A few years after this incident, Philip preached in the city of Samaria (Acts 8:5) and multitudes were brought into the Kingdom! Would this had happened if James and John had been permitted to bring down fire on the people? Undoubtably not!
Seats in the Kingdom
Another insight to James' character is found in Matthew 20:20-24 where we not only see his passion, but also ambition and overconfidence. We find here a record of James and John's mother, Salome, coming to Jesus with a petition. She comes to Him requesting that her sons be granted seats on the right and left of Jesus in Heaven. The book of Mark also records the incident. The brothers, and their mother, probably thought of many reasons they deserved this honor. They were included in the most intimate, closest group to the Savior.

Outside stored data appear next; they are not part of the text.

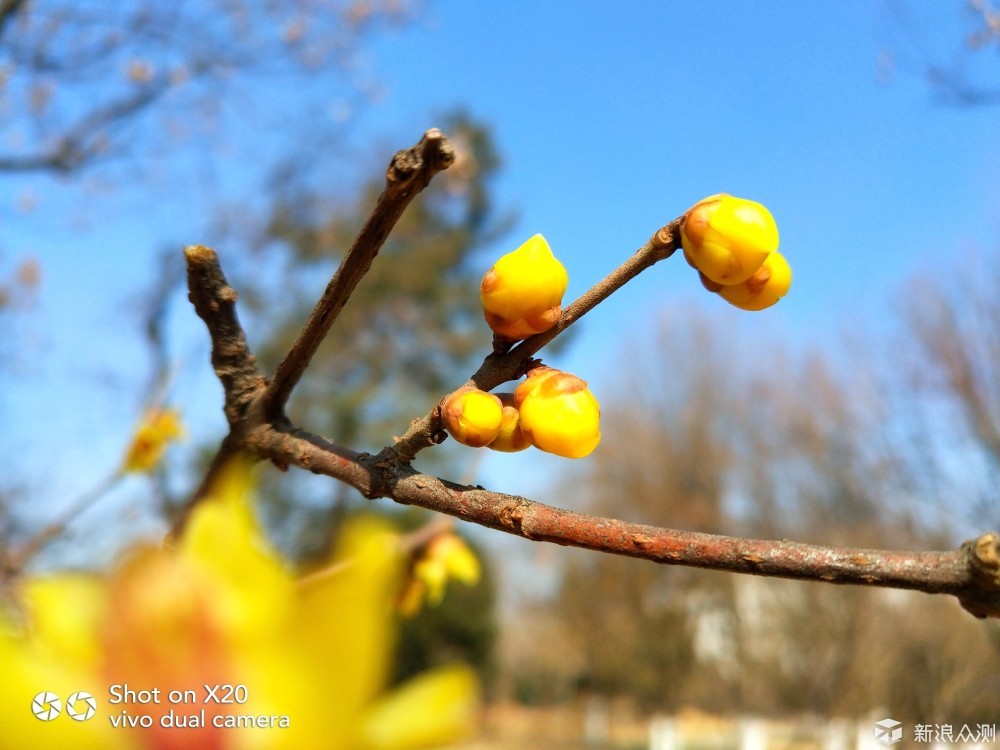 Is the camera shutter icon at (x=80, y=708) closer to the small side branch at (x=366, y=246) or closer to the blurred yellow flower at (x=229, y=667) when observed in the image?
the blurred yellow flower at (x=229, y=667)

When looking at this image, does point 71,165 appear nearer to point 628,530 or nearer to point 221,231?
point 221,231

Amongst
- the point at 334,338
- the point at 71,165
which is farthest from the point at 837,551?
the point at 334,338

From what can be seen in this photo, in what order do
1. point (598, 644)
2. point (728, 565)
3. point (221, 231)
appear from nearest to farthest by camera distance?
point (728, 565), point (221, 231), point (598, 644)

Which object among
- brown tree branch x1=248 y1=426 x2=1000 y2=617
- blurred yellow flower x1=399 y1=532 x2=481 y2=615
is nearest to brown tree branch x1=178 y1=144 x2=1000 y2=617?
brown tree branch x1=248 y1=426 x2=1000 y2=617

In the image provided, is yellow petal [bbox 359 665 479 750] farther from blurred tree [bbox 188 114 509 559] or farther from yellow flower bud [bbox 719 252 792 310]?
blurred tree [bbox 188 114 509 559]

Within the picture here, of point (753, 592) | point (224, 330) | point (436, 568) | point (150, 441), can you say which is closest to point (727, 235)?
point (224, 330)

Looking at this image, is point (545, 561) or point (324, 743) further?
point (545, 561)

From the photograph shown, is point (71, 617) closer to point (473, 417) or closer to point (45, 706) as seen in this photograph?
point (45, 706)
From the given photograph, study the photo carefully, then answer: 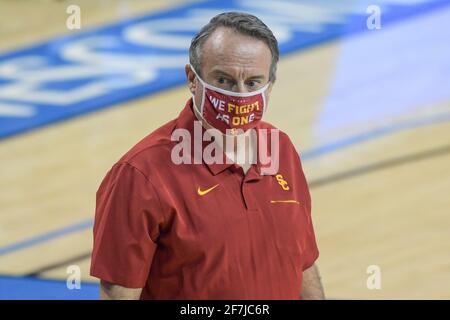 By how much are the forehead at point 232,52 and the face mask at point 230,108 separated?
0.20 feet

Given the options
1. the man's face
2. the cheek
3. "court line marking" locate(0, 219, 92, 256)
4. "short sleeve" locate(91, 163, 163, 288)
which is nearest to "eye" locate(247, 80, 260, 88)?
the man's face

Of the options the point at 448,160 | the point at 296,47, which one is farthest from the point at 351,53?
the point at 448,160

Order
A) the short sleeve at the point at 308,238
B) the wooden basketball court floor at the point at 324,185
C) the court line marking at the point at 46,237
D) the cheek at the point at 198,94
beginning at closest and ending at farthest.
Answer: the cheek at the point at 198,94 → the short sleeve at the point at 308,238 → the wooden basketball court floor at the point at 324,185 → the court line marking at the point at 46,237

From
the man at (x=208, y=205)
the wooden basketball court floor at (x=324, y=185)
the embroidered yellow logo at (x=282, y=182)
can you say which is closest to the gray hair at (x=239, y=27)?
the man at (x=208, y=205)

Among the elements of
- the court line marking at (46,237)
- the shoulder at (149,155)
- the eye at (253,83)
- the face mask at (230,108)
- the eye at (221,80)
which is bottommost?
the court line marking at (46,237)

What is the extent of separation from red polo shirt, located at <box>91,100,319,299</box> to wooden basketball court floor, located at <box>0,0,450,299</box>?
97.9 inches

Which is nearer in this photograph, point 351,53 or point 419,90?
point 419,90

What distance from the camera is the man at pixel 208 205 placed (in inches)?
86.7

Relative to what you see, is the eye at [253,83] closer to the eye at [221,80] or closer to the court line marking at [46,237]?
the eye at [221,80]

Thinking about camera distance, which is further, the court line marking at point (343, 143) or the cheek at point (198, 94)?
the court line marking at point (343, 143)

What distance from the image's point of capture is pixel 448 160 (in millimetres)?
5824

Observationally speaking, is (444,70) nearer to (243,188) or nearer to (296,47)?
(296,47)

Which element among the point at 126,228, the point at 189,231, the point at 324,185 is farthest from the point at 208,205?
the point at 324,185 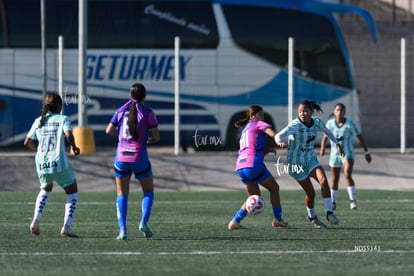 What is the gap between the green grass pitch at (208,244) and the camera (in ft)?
35.1

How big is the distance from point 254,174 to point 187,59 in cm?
1584

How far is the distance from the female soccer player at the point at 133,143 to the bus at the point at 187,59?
14.5 metres

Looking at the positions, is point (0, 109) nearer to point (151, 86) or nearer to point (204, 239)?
point (151, 86)

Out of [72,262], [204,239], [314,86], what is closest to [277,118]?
[314,86]

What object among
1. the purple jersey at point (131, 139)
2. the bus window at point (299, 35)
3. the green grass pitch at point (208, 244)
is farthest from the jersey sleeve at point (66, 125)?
the bus window at point (299, 35)

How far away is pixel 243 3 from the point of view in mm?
31344

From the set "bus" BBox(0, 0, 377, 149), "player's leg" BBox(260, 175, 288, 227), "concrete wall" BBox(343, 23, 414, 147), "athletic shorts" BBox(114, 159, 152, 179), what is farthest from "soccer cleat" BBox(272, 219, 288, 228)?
"concrete wall" BBox(343, 23, 414, 147)

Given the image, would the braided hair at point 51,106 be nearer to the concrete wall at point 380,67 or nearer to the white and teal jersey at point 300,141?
the white and teal jersey at point 300,141

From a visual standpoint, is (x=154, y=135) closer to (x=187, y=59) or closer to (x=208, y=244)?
(x=208, y=244)

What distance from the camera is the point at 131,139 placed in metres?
13.2

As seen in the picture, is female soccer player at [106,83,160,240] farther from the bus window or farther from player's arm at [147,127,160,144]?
the bus window

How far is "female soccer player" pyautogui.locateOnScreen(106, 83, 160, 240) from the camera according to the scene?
13234mm

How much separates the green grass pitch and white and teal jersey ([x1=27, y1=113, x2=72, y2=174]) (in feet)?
2.83

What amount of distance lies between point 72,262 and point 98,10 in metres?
20.4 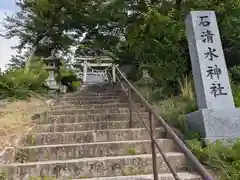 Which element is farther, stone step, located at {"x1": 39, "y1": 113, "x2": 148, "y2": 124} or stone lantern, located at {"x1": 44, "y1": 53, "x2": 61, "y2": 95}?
stone lantern, located at {"x1": 44, "y1": 53, "x2": 61, "y2": 95}

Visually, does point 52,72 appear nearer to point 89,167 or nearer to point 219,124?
point 89,167

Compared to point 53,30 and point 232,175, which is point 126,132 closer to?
point 232,175

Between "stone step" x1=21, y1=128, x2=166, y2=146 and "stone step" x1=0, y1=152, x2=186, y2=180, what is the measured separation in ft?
2.23

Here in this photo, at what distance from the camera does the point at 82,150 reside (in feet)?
10.9

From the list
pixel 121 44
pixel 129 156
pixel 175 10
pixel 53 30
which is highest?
pixel 53 30

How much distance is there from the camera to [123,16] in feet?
24.2

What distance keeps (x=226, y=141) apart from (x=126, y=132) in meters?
1.28

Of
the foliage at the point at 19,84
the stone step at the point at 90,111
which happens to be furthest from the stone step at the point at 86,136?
the foliage at the point at 19,84

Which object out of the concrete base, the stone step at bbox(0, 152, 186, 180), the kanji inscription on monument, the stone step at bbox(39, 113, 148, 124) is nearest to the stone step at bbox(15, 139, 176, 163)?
the stone step at bbox(0, 152, 186, 180)

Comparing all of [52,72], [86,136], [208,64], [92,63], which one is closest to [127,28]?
[52,72]

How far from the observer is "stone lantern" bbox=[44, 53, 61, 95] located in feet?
27.6

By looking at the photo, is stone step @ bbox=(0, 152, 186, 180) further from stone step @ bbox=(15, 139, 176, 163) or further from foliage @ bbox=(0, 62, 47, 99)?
foliage @ bbox=(0, 62, 47, 99)

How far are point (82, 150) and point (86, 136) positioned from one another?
1.38 feet

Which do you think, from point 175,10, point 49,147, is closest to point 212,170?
point 49,147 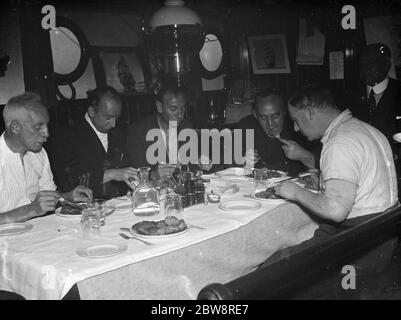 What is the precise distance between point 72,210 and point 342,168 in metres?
1.45

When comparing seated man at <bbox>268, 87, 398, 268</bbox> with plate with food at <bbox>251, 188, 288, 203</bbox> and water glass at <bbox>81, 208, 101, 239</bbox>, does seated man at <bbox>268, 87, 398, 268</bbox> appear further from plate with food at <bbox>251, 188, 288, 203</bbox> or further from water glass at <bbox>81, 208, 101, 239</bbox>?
water glass at <bbox>81, 208, 101, 239</bbox>

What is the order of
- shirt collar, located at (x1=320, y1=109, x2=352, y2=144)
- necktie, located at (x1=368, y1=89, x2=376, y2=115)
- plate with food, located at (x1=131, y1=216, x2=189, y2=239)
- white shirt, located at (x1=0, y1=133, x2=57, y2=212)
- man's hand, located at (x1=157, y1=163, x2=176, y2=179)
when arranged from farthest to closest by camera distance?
necktie, located at (x1=368, y1=89, x2=376, y2=115) → man's hand, located at (x1=157, y1=163, x2=176, y2=179) → white shirt, located at (x1=0, y1=133, x2=57, y2=212) → shirt collar, located at (x1=320, y1=109, x2=352, y2=144) → plate with food, located at (x1=131, y1=216, x2=189, y2=239)

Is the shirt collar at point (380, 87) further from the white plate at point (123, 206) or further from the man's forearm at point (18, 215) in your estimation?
the man's forearm at point (18, 215)

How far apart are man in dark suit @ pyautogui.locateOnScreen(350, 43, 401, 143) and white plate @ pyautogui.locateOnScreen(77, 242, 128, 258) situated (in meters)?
3.35

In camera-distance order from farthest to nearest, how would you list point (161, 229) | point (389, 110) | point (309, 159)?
1. point (389, 110)
2. point (309, 159)
3. point (161, 229)

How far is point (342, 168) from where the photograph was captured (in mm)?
2129

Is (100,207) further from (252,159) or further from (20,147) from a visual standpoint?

They had been apostles the longest. However, they clearly had no concept of the price to be paid. They did not know what they were asking for.
This makes me think of my prayer life and how I pray not really knowing what I am praying for. Oh, I think I know. But I really don't. However, the Savior knows. He knows what I need and He intercedes for me!
"James wanted a crown of glory; Jesus gave him a cup of suffering. He wanted power; Jesus gave him servanthood. He wanted a place of prominence; Jesus game him a martyr's grave. He wanted to rule; Jesus gave him a sword—not to wield, but to be the instrument of his own execution." —John MacArthur, Twelve Ordinary Men
Fourteen years following this incident, James would become the first apostle to be martyred. (Acts 12:1-3) This is the one place in Scripture where we see James mentioned alone. He is actually the only apostle who's death is recorded in Scripture. The price was high!
James was still a man of passion, right up to the end. His passion had been instrumental in the spread of the Gospel and growth of the early church. He had been mentored by Jesus and empowered by the Holy Spirit to the point that his passion for truth was useful. He was courageous, zealous and committed, and this showed at the time of his death.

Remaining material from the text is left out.